> _WORK TO BE COMPLETED_
Dropping every picture, set down exactly the lines in the entries below, starting with the line with "We are going to be" and going on through the line with "In this video we've".

> _PROVIDED MATERIAL_
=== Begin Enclosure ===

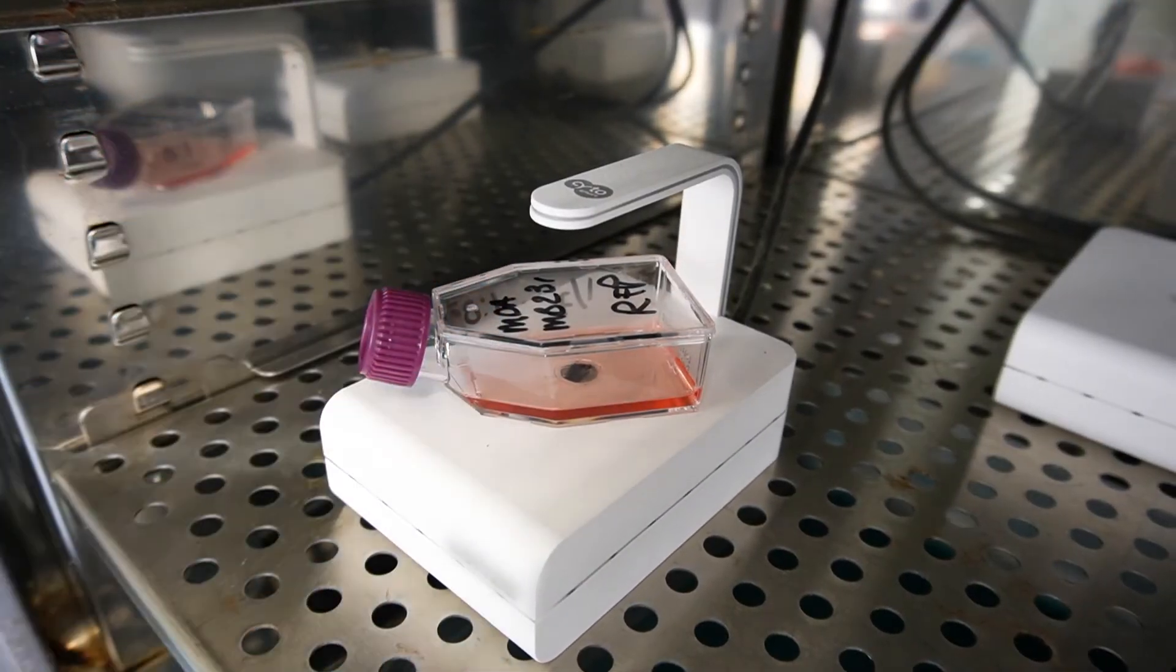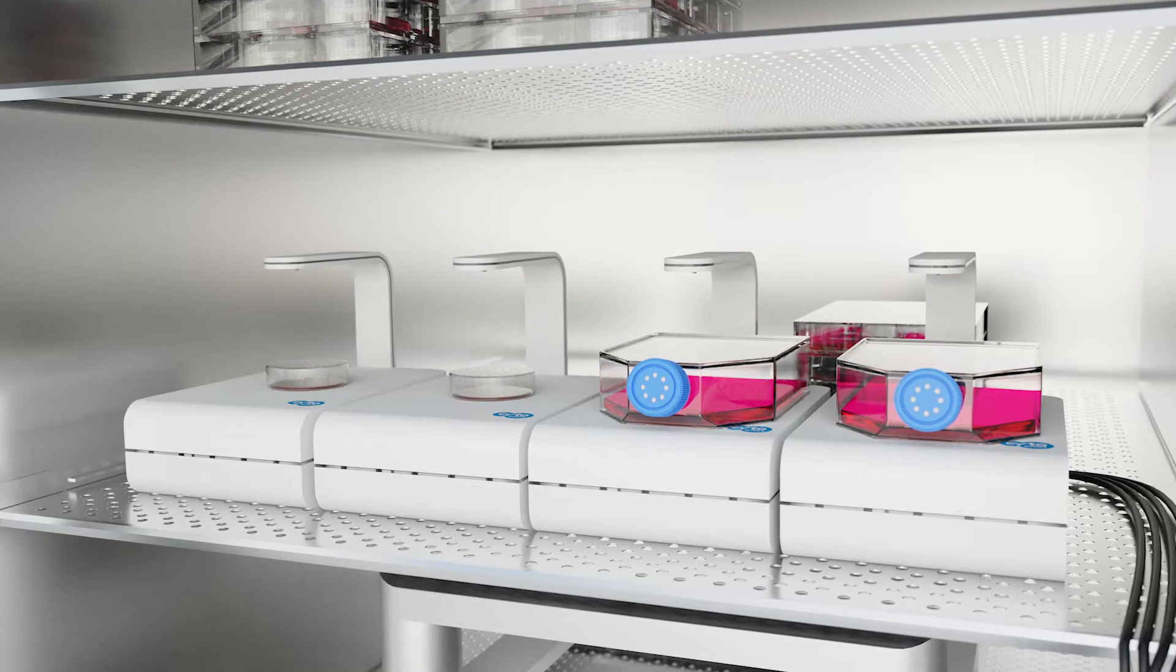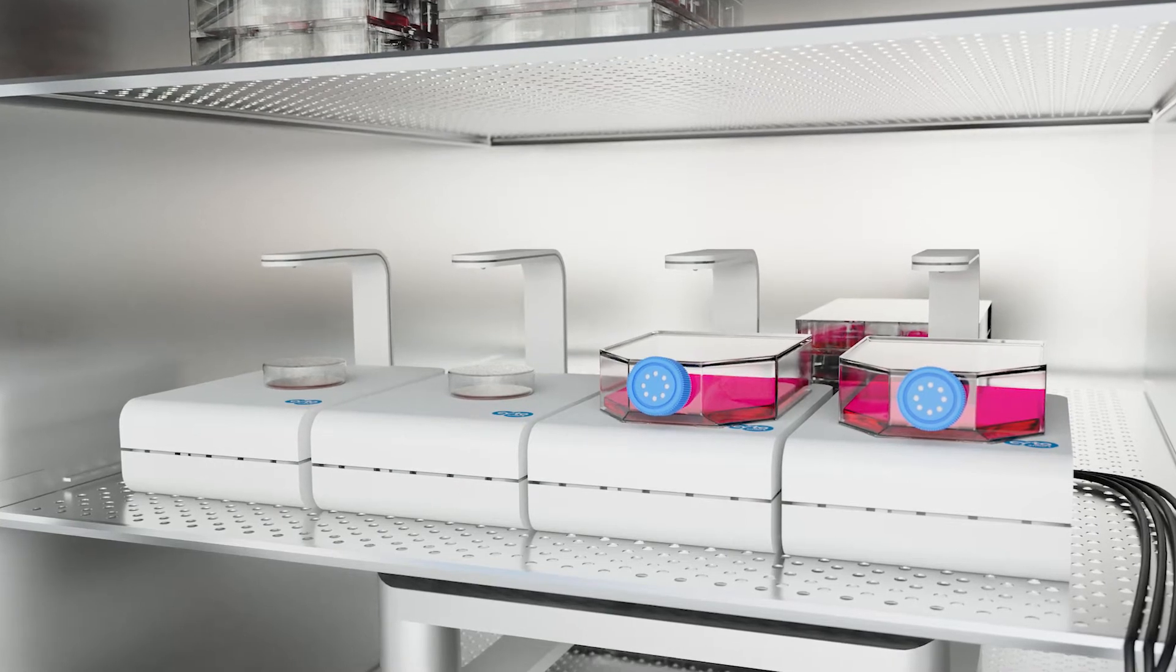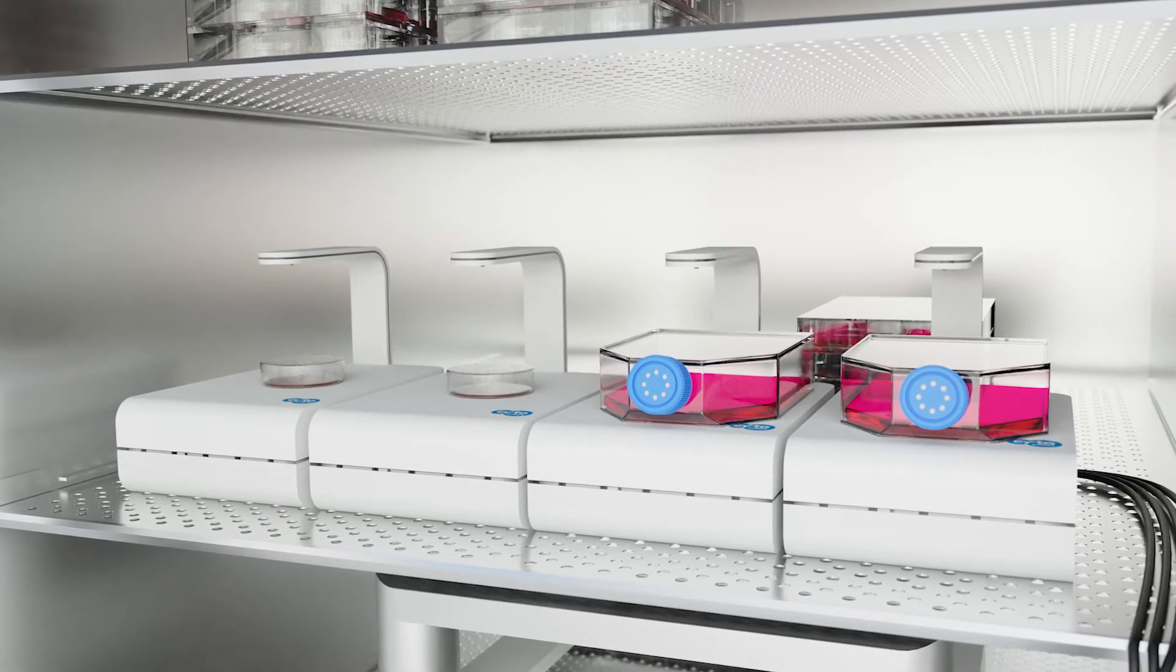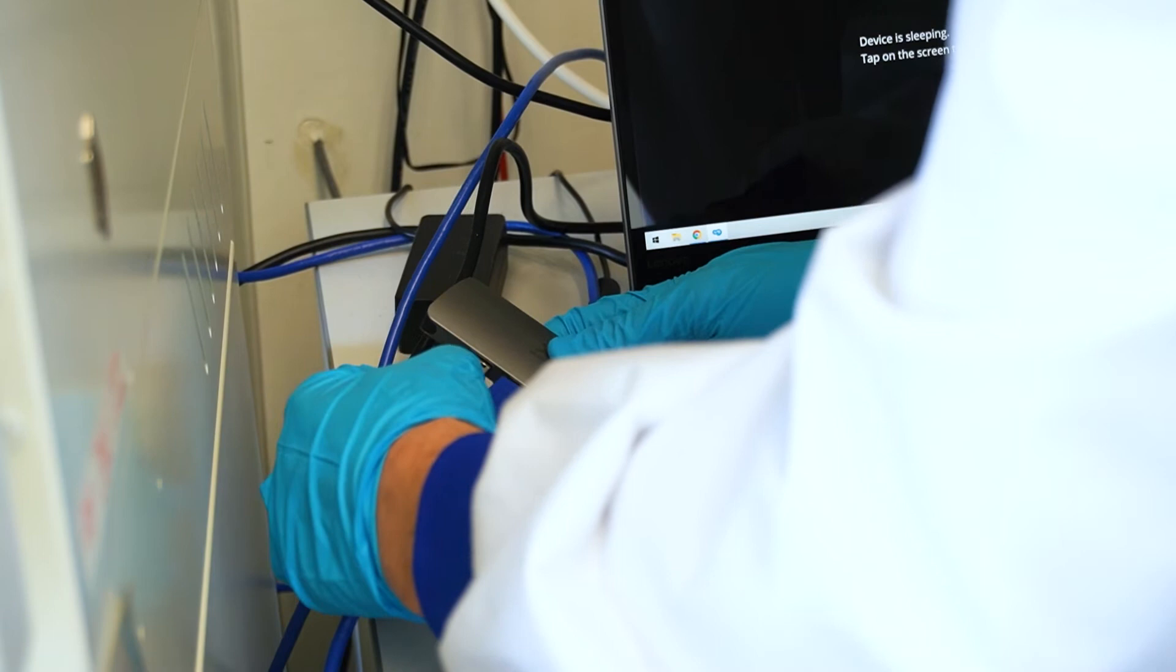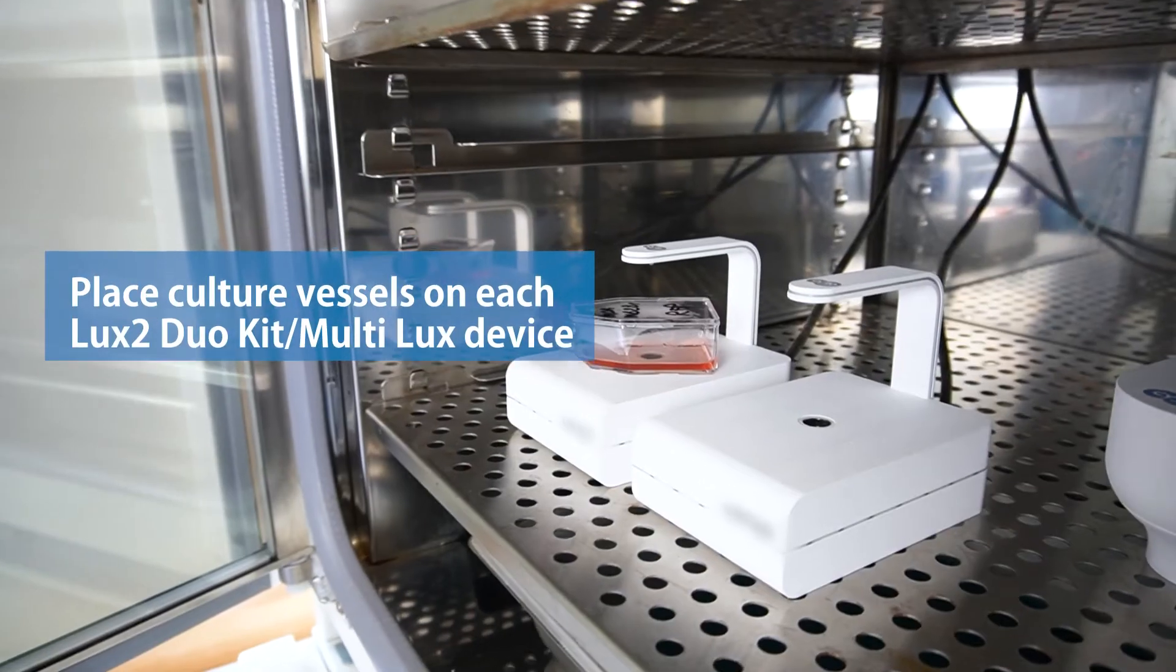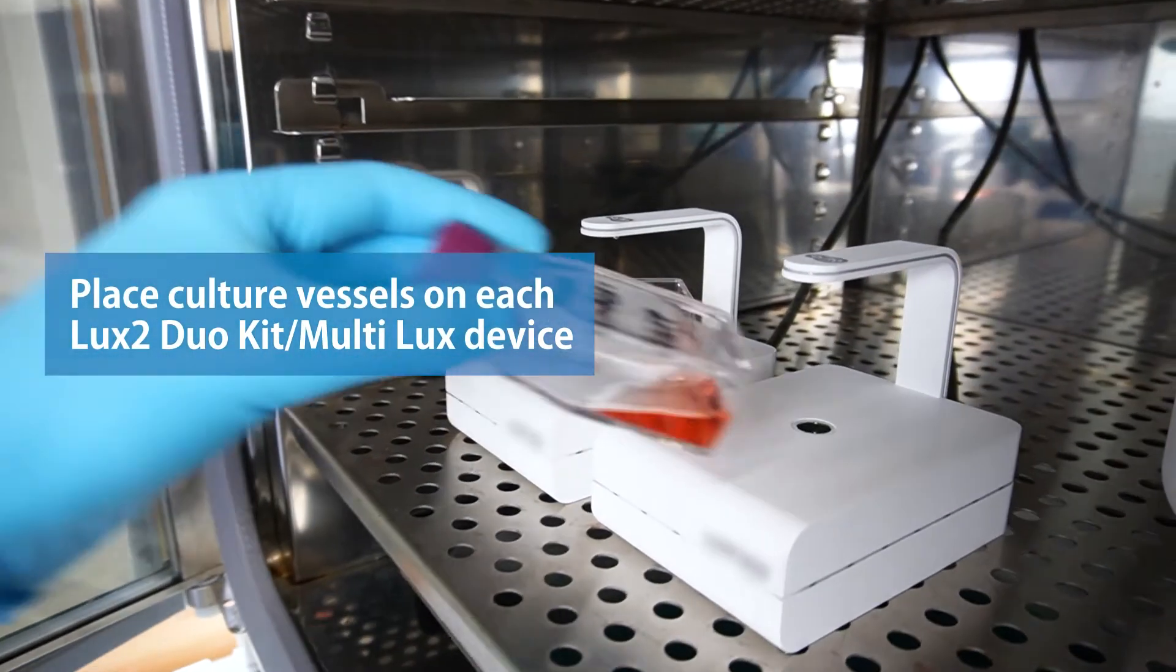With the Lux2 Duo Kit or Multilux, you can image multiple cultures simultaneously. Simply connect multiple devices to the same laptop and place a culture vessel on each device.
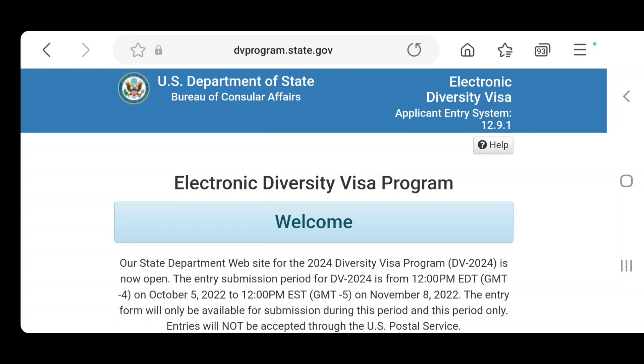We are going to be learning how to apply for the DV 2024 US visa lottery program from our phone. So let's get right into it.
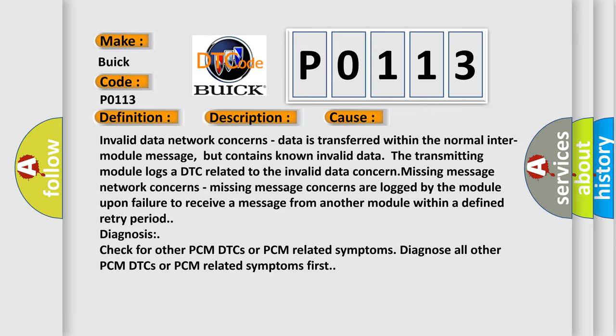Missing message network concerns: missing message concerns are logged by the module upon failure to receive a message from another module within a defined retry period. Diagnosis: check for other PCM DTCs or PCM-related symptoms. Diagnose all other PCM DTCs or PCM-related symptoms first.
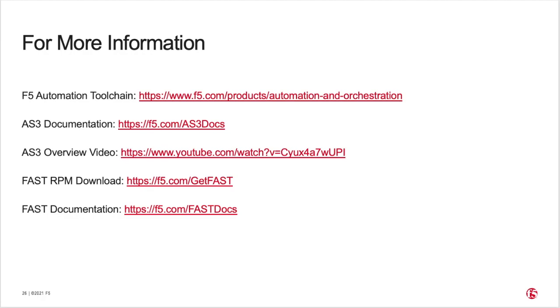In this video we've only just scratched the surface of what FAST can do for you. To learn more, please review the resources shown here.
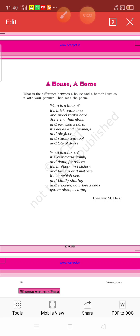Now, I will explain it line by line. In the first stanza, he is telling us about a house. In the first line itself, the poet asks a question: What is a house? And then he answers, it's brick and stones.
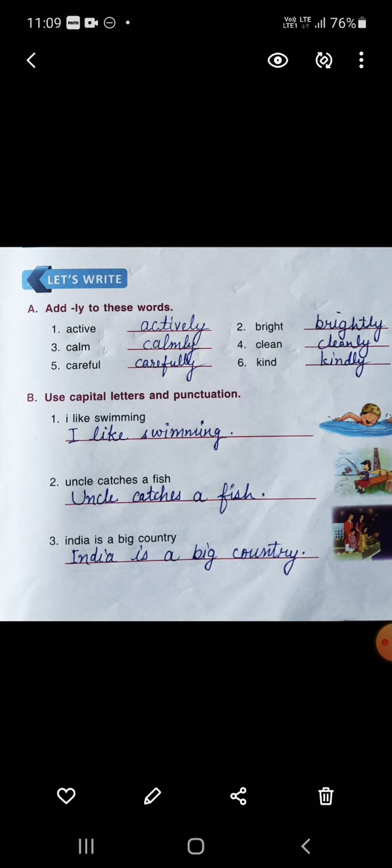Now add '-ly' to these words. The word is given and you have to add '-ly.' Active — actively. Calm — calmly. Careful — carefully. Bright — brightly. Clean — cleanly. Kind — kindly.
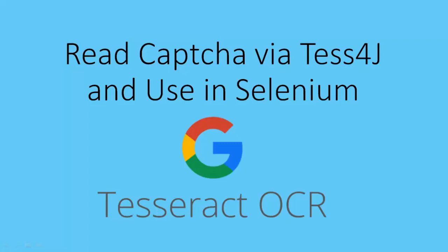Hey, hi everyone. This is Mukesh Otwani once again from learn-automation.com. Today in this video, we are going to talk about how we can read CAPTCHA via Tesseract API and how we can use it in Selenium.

=== End Enclosure ===

> _ANSWER TO THE PROBLEM_
We are going to be learning how to apply for the DV 2024 US visa lottery program from our phone. So let's get right into it.
Missing message network concerns: missing message concerns are logged by the module upon failure to receive a message from another module within a defined retry period. Diagnosis: check for other PCM DTCs or PCM-related symptoms. Diagnose all other PCM DTCs or PCM-related symptoms first.
In this video we've only just scratched the surface of what FAST can do for you. To learn more, please review the resources shown here.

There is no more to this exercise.